The conceptual art world of the 20th century produced a number of revolutionary movements that exploded like fireworks, then faded equally rapidly. One of the more engaging of these movements is memorialized in an elegant museum in a quiet suburb of Amsterdam.

After World War II, the conservatism of northern Europe prompted many radical young artists to leave their homes in search of a more progressive environment. A number of these young artists met each other in Paris, Europe’s artistic capital, and in November, 1948, formally pledged their allegiance to a new movement. This was christened CoBrA, from the capitals of the three countries represented most prominently - COpenhagen, BRussels, Amsterdam. This name was chosen from among several candidates suggested by the Belgian poet Christian Dotremont (his other proposals included Isabelle, as he noted, “for rather personal reasons”). The selection of Cobra was influenced by the recent coinage of Benelux to signal the cooperation among Belgium, the Netherlands, and Luxembourg.

Like Surrealism before it, Cobra was a loose alliance of writers and painters. Cobra’s artists did not share a common style, but rather a desire to create a radical new art that would use simple forms to produce universal symbols. As a reaction against the destruction of World War II and the stifling atmosphere of their home countries, Cobra privileged the iconoclastic, immediate, spontaneous, and primitive. A central goal was to use spontaneity to transform traditional folk art into a new kind of advanced art, accessible to all.

Cobra has had its most lasting impact in the Netherlands.

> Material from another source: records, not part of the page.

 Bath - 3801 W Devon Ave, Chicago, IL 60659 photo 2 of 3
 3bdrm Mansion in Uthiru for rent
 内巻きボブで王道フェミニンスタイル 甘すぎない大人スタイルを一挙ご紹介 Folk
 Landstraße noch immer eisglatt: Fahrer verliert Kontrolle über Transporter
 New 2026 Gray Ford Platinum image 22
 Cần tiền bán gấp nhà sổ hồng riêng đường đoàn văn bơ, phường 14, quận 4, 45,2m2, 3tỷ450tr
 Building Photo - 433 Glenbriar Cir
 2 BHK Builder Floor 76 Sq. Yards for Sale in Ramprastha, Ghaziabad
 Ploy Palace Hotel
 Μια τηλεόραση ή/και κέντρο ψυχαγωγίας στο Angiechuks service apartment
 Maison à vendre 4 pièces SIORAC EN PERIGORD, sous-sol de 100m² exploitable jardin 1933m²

The leading Dutch Cobra painters were Karel Appel, Constant (Constant Anton Niewenhuys), Corneille (Cornelis van Beverloo), and Theo Wolvekamp. Other major figures in the movement included Asger Jorn, from Denmark, and Pierre Alechinsky, from Belgium. In a manifesto for the Dutch Cobra, Constant condemned Surrealism for its intellectualism, and denounced abstraction as sterile. In contrast, Cobra wanted to create a new folk art based on expression, spontaneity, and the subconscious. The Dutch Cobra painters took their inspiration from the drawing of children, Surrealism, and the art of Miró, Picasso, Kandinsky, Klee, and Dubuffet.

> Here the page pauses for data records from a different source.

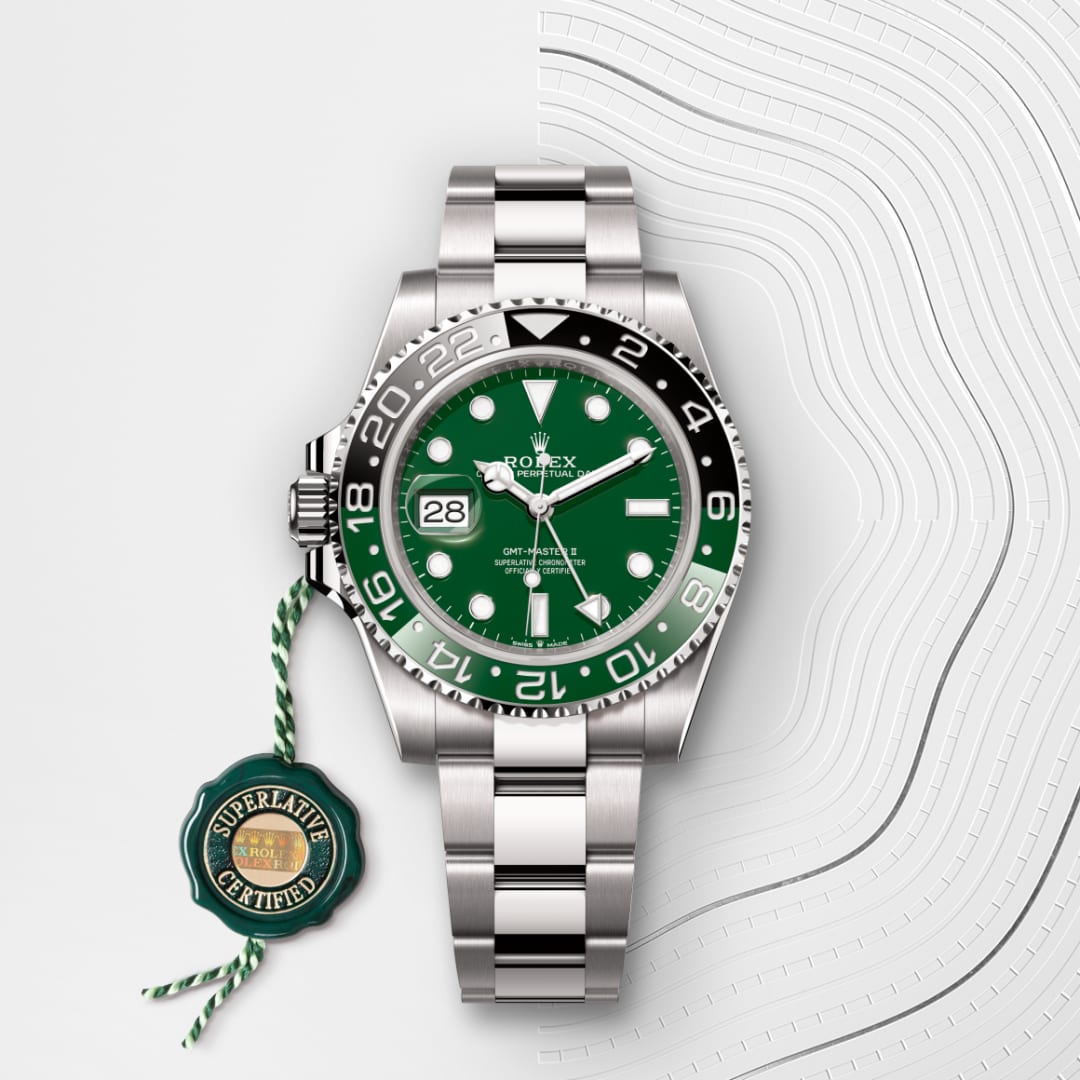 El reloj Rolex GMT-Master II ref: M126729VTNR-0001 viene acompañado de un sello verde, un símbolo de su estatus de Cronómetro Superlativo, aplicando la garantía de cinco años. 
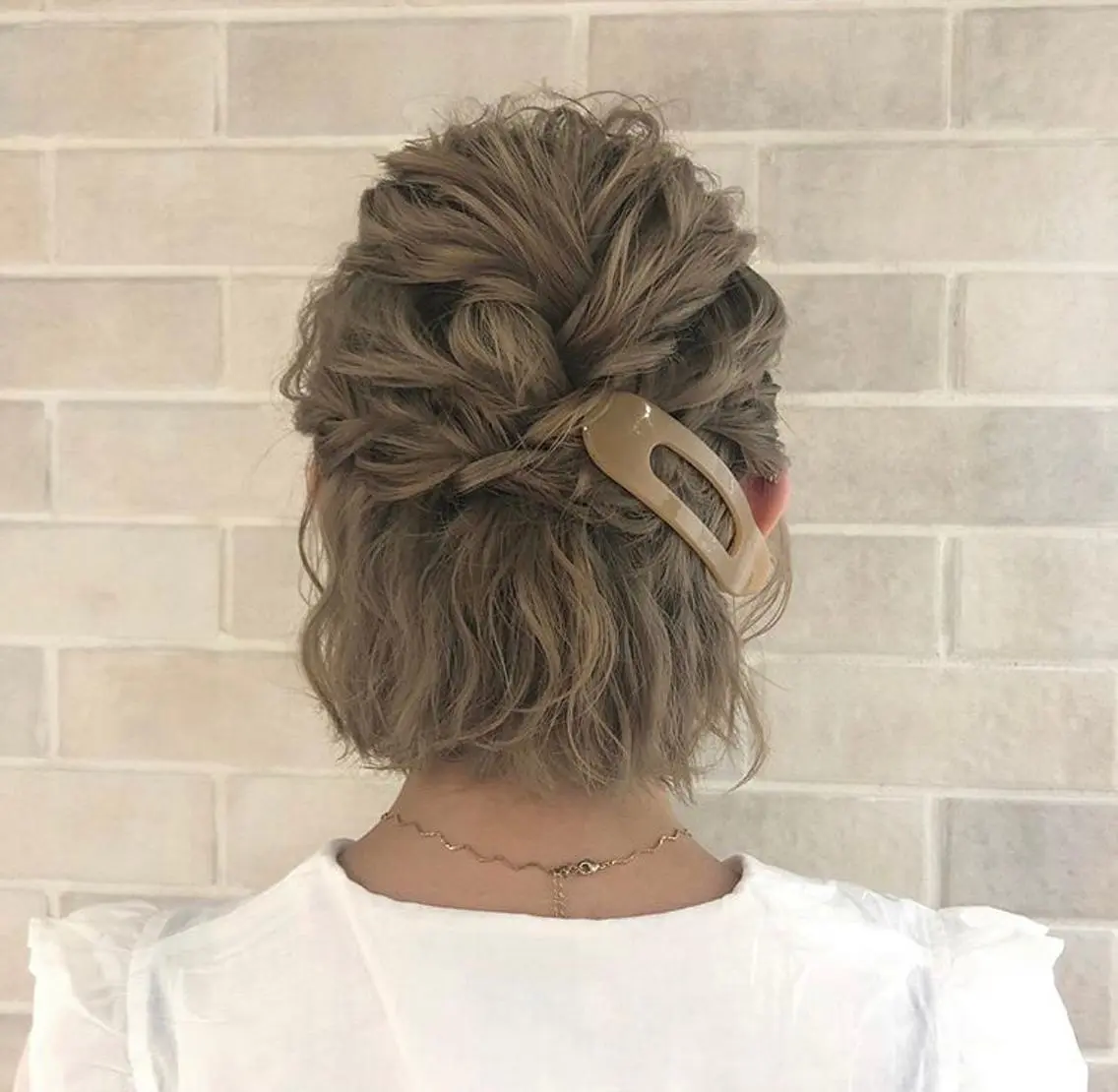 カラー ヘアアレンジ ハイトーンカラー Maho🍃 #池袋 #眉毛 #実績豊富のマツエク・マツパデザイン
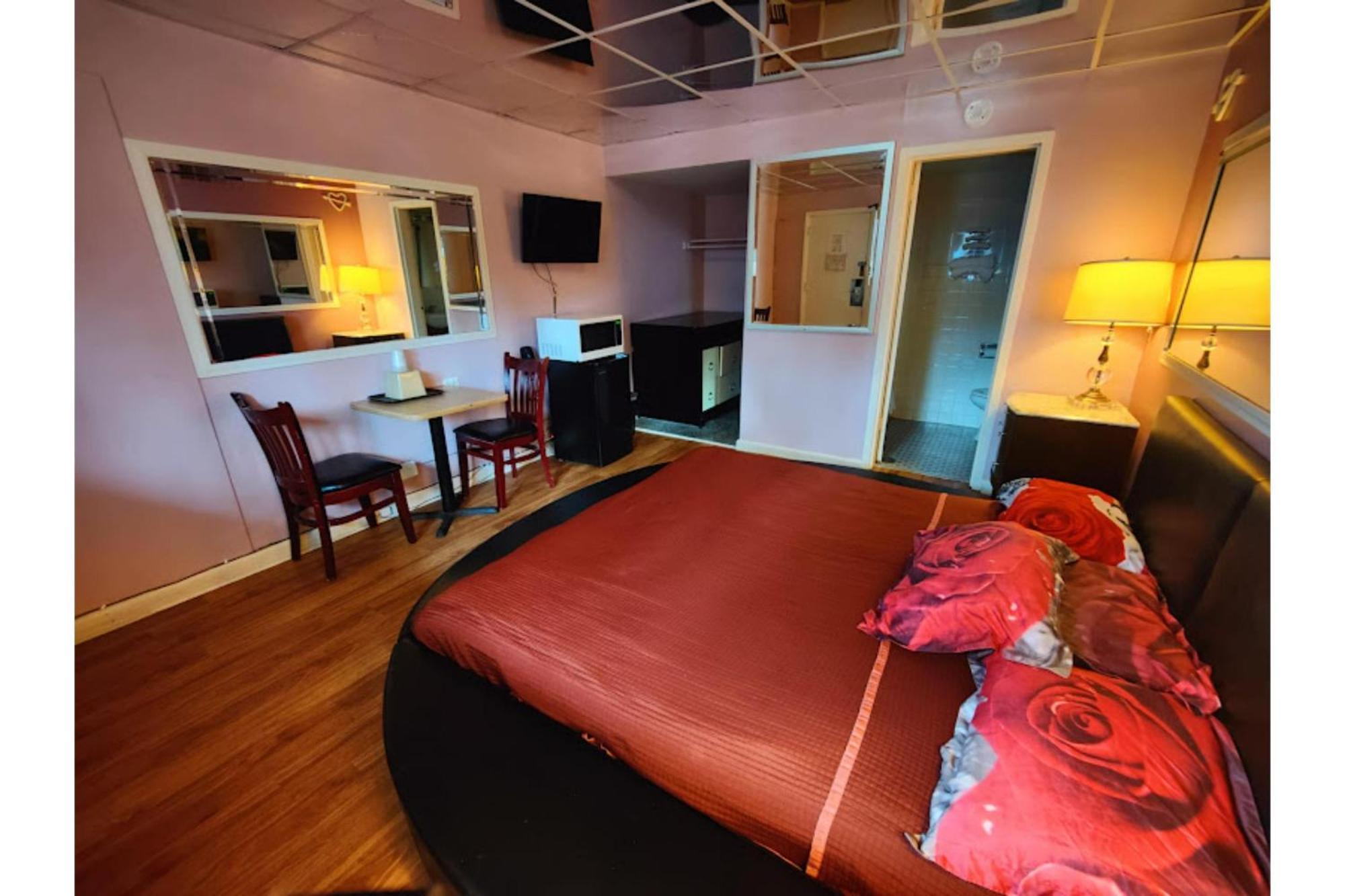 Oyo Hotel Edgebrook Chicago North Shore 외부 사진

The greatest of the Dutch Cobras was Karel Appel. Some of the Cobra painters fully embraced abstraction, but during the Cobra years Appel did not. Done in his late 20s, Appel’s Cobra paintings show us an imaginary world, with childlike figures made from bold blocks of bright colors. Appel’s paintings of the late ‘40s and early ‘50s are like those of a child - the most inspired child artist who ever lived. They feature friendly ghosts, dragons, and other spirits, suspended in space with their oversized pets. Appel loved jazz, and he aimed to give his paintings the energy and exuberance of bebop. There are moments in the history of art when an artist’s unique vision is perfectly complemented by an innovative technical means of expression, and the result is magical. Appel’s Cobra period is one of these wonderful moments.

Cobra functioned as a group only for a few years: it was dissolved in 1951, as its young radicals discovered their own voices and went off to pursue their own goals. Yet because it was a highly conceptual movement, many of these young artists - including Appel - had already reached the peak of their development by the time the group disbanded. Cobra’s life had been short but intense.

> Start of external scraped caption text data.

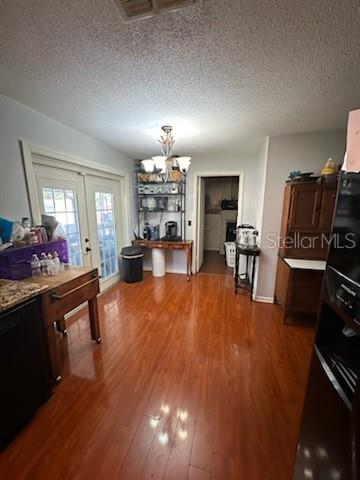 WHEELER HEIGHTS - Residential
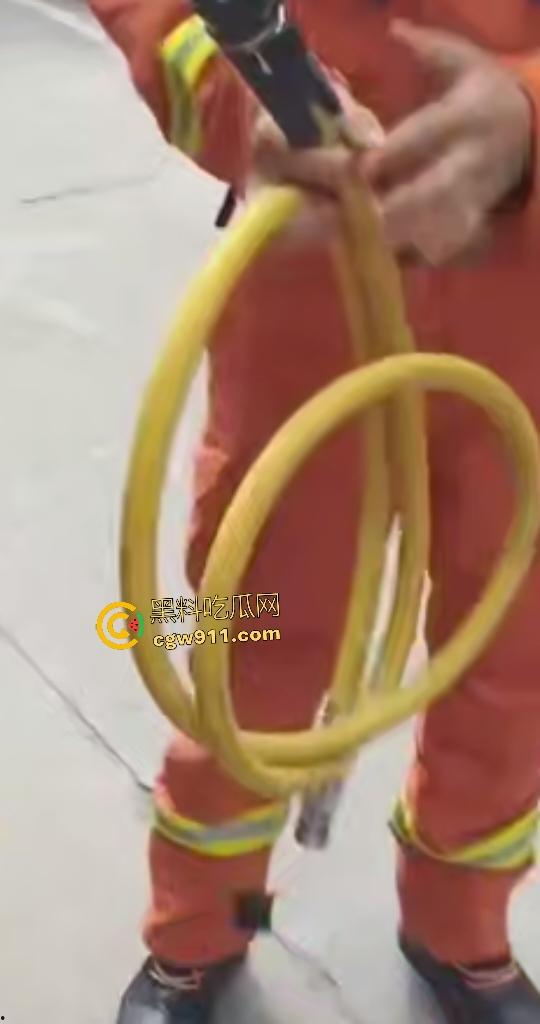 广西梧州小孩贪玩翻栏杆铁尖直穿小腿，血肉模糊挂半空，围观群众消防齐心救命，小孩一声不吭痛晕！-4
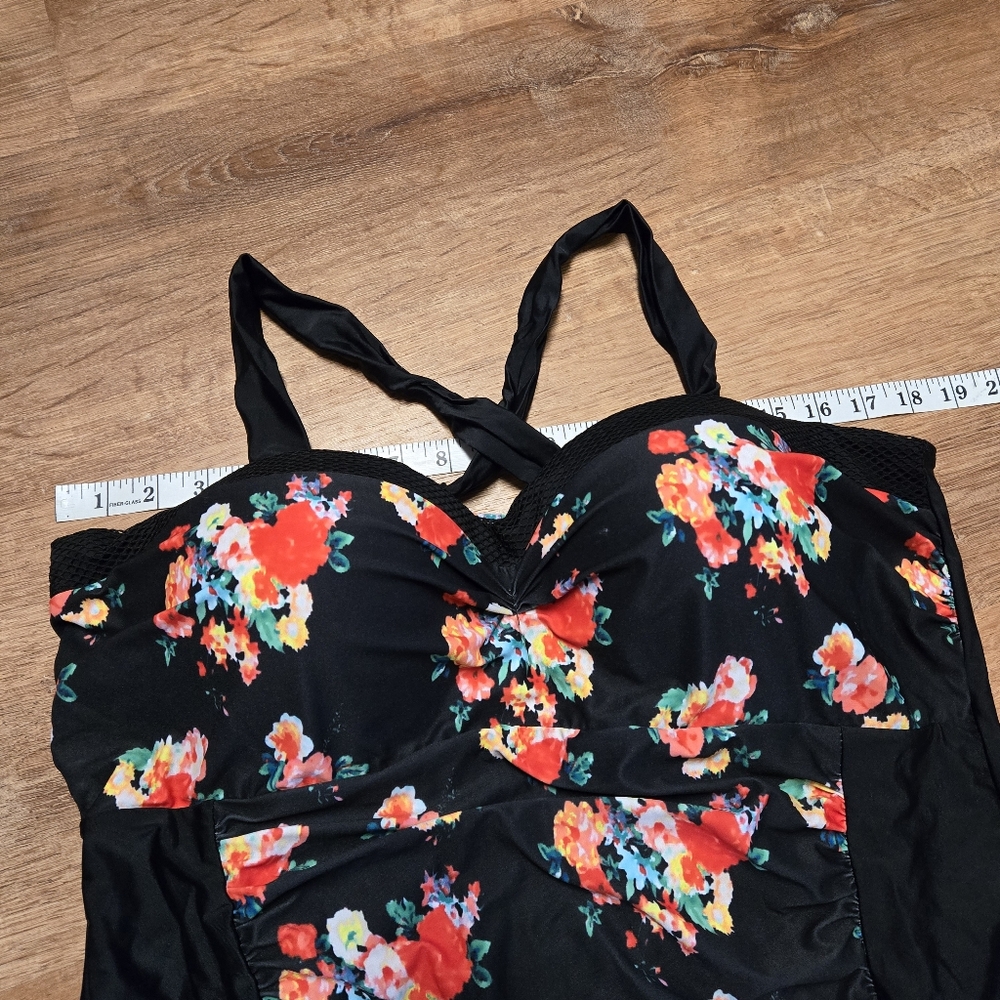 Black Floral Tankini Set with Red Accent - Unbranded - Picture 3 of 8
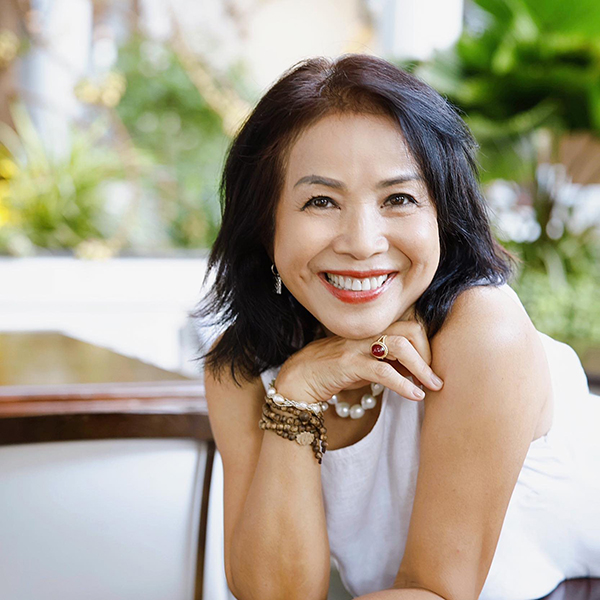 NSƯT duy nhất được mệnh danh “vedette của showbiz”: Nhan sắc cao sang, xuất thân dòng dõi hoàng tộc- Ảnh 4. NSƯT duy nhất được mệnh danh “vedette của showbiz”: Nhan sắc cao sang, xuất thân dòng dõi hoàng tộc- Ảnh 4.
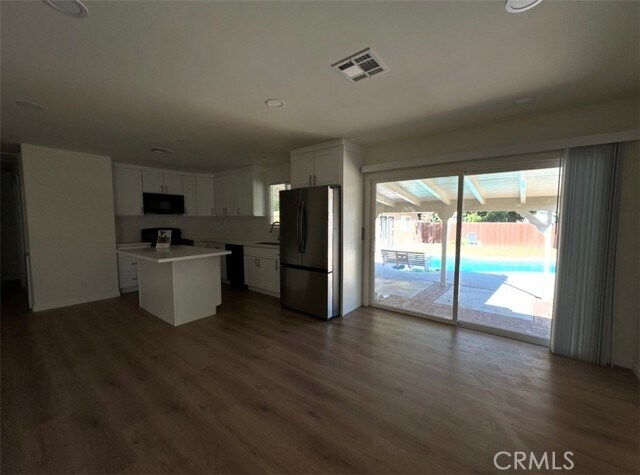 Building Photo - 8448 Aura Ave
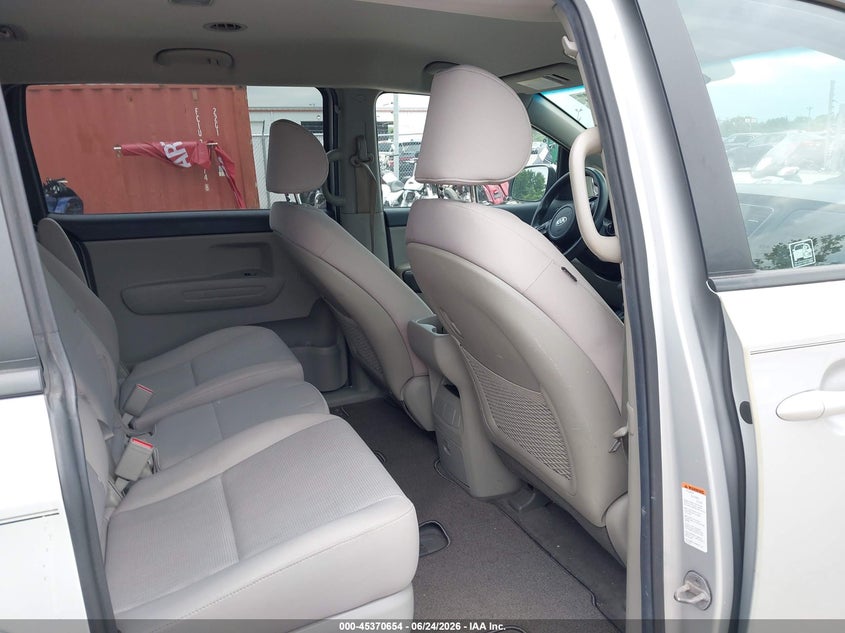 2019 Kia SEDONA VIN KNDMB5C13K6541279 IAAI salvage auction — REAR END, Salvage (Illinois), sold $25 on 2026-07-21 (photo 8)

The Cobra Museum was founded in 1995, to increase appreciation for innovative movements in Dutch modern art. Cobra was arguably one of two significant Dutch movements in 20th-century art, and it is generally overshadowed by its predecessor, De Stijl. But the excitement and freedom of Cobra stand in sharp contrast to the austerity and rigidity of De Stijl.

The Cobra Museum is in Amstelveen, a prosperous suburb of Amsterdam. It is easily reached by taking the southbound tram number 5 from central Amsterdam to its final stop, Amstelveen Binnenhof (30 minutes from downtown Amsterdam), then walking all the way through a huge shopping mall to its far southern end. In front of the museum, a large fountain by Karel Appel, resembling a supersized Rauschenberg combine, featuring a giant rooster, spouts water onto the surrounding cobblestones.

The museum itself is a sleek, modern building built into a picturesque canal. In the canal, ducks paddle past a suspended Corneille sculpture of a flying cat, oblivious to his menacing pounce.

The Cobra Museum is unfortunately well off the beaten path for tourists: there are rarely more than a few dozen visitors in the spacious building, and the entries in the guest book are mostly in Dutch (though one recent visitor wrote in French that it’s a pity the museum isn’t better known). If you’re in Amsterdam, go to the museum to see beautiful modern art in a peaceful setting, as a change of pace from the crowds of the great Amsterdam museums.